Animals, Materials and Methods
A single-referral-center cohort study was conducted; 25 dogs diagnosed with MMVD stage D receiving HCTZ as part of multimodal treatment of refractory congestive heart failure were included in the study. Data retrieved included cardiac treatment at T0 (when HCTZ was first prescribed) and subsequent visits, available bloodwork, echocardiographic assessment, additional diagnostics, cause of death, and survival time.
Results
Mean starting dose of HCTZ was 0.8 mg/kg every 48 h, with progressive increases (latest mean recorded HCTZ dose: 1.5 mg/kg/day).

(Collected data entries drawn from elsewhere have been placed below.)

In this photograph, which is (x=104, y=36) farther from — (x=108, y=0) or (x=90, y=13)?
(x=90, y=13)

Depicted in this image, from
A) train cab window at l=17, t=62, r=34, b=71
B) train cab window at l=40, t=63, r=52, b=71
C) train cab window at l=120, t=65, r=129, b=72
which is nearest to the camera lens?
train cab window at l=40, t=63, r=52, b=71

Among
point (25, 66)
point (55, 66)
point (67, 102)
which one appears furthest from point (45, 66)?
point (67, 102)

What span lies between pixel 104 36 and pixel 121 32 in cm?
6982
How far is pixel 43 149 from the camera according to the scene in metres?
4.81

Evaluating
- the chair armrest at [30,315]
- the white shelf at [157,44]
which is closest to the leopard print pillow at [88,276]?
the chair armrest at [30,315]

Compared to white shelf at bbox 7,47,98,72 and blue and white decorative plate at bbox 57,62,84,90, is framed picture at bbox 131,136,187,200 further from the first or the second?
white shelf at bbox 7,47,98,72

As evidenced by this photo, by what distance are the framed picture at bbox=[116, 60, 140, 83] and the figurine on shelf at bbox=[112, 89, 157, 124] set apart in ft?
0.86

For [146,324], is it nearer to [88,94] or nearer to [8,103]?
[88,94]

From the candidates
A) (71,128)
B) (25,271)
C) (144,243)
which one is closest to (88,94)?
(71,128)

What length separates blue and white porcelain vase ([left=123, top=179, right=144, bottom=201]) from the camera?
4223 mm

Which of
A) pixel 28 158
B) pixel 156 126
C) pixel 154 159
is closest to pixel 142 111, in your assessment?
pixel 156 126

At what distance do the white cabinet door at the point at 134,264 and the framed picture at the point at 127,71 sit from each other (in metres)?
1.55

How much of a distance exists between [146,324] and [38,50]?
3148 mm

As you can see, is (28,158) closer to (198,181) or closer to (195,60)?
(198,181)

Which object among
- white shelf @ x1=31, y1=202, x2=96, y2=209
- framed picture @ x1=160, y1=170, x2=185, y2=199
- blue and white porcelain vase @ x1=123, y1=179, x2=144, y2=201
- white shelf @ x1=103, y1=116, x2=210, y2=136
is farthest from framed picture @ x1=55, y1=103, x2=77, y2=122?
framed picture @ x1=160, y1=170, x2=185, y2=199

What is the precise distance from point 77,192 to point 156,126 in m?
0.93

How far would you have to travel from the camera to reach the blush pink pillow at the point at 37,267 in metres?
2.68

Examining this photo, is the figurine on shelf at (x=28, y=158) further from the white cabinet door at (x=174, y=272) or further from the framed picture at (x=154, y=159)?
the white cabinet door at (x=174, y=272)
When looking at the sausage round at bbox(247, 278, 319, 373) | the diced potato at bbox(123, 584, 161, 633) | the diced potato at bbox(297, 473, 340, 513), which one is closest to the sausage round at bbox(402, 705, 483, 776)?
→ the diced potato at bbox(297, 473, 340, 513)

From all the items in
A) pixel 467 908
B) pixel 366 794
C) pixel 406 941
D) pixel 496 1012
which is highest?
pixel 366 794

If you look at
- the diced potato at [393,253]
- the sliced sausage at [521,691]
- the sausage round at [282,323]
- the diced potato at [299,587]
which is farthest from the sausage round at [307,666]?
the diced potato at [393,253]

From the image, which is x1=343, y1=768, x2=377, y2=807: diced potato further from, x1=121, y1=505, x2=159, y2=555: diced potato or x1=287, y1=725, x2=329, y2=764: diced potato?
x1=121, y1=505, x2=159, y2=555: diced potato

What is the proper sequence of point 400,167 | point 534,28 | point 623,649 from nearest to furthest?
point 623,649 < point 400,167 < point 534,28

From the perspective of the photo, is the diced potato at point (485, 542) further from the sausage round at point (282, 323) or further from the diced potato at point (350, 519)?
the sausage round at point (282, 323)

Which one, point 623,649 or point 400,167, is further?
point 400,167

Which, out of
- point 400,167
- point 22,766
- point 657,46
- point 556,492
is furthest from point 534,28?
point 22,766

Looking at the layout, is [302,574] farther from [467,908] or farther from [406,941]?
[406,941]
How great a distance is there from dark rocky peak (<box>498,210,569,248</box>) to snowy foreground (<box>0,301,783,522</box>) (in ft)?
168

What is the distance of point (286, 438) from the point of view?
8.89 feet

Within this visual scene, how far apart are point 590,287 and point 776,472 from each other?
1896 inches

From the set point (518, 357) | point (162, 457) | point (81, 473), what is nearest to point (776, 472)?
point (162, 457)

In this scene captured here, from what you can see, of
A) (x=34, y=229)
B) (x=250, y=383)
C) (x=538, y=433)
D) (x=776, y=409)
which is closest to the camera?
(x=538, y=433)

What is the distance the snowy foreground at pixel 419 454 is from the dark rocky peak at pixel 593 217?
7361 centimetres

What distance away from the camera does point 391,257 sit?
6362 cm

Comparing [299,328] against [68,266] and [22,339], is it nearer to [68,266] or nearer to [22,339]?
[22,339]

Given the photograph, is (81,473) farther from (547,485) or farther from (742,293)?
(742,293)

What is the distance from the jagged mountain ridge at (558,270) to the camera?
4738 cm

Azotemia was identified in three dogs at T0 and in 11 dogs following HCTZ addition. Three dogs experienced clinically relevant side effects, resulting in discontinuation of HCTZ in one dog. Twenty dogs died, the majority due to cardiac disease (90). Median survival time of the cohort was 268 days.
Study Limitations
Limitations of this study included the retrospective nature of the study and small sample size.
Conclusions
Although associated with an increase in renal parameters, HCTZ addition at the study dosages appeared clinically tolerated in most dogs with MMVD ACVIM stage D, with a prolonged median survival time for dogs in ACVIM stage D.